Question

北京大学acm题库2406题的解答

附上程序
Power Strings
Time Limit: 3000MS Memory Limit: 65536K
Total Submissions: 4590 Accepted: 1859

Description
Given two strings a and b we define a*b to be their concatenation. For example, if a = "abc" and b = "def" then a*b = "abcdef". If we think of concatenation as multiplication, exponentiation by a non-negative integer is defined in the normal way: a^0 = "" (the empty string) and a^(n+1) = a*(a^n).

Input
Each test case is a line of input representing s, a string of printable characters.
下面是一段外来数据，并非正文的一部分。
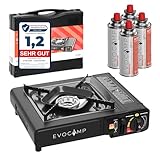 Gaskocher 1-flammig mit Gaskartuschen 227g 4 Stück MSF-1a, Camping Herd mit...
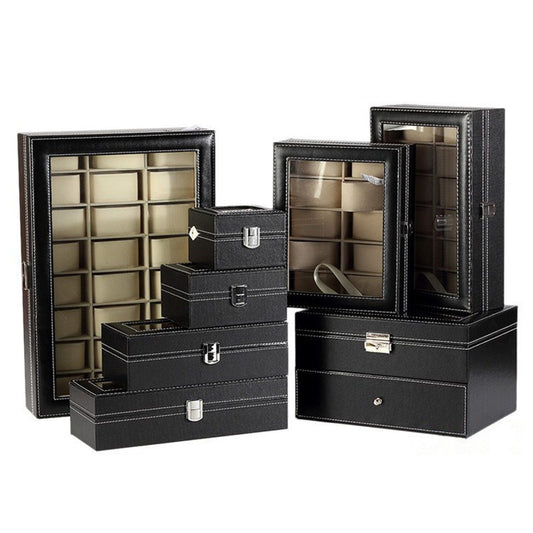 2/6/10/12 Slots PU Leather Watch Storage Box Organizer New Mechanical Mens Watch Display Holder Cases Jewelry Gift Boxes Case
The length of s will be at least 1 and will not exceed 1 million characters. A line containing a period follows the last test case.

Output
For each s you should print the largest n such that s = a^n for some string a.

Sample Input

abcd
aaaa
ababab
.

Sample Output

1
4
3

Hint
This problem has huge input, use scanf instead of cin to avoid time limit exceed.

Source
Waterloo local 2002.07.01

Answer 1

program ddd;
var i,j,m,n,q,p,num:longint;
ps:array[0..1000000]of char;
pai:array[0..1000000]of longint;
procedure init;
var i,j:longint;
b:boolean;
function pd(l:longint):boolean;
var i:longint;
begin
if m mod l<>0 then exit(false);
for i:=2 to (m div l) do
if (pai[i*l]=0) or (pai[i*l] mod l<>0) then exit(false);
pd:=true;
end;
begin
m:=0;
while not eoln(input) do
begin
inc(m);
read(ps[m]);
end;
readln;
if (m=1) and (ps[1]='.') then halt;
if m=0 then begin writeln(0); exit end;
pai[1]:=0;
q:=0;
for i:=2 to m do begin
while (q>0) and (ps[q+1]<>ps[i]) do
q:=pai[q];
if ps[q+1]=ps[i] then inc(q);
pai[i]:=q;
end;
q:=0;
i:=1;
b:=true;
repeat
while (i<=m) and (pai[i]<>1) do inc(i);
dec(i);
if pd(i) then begin
writeln(m div i);
b:=false;
break;
end else begin
q:=i;
inc(i,2);
end;
until i>=m;
if b then writeln(1);
end;
begin
while true do init;
end.
（已ac）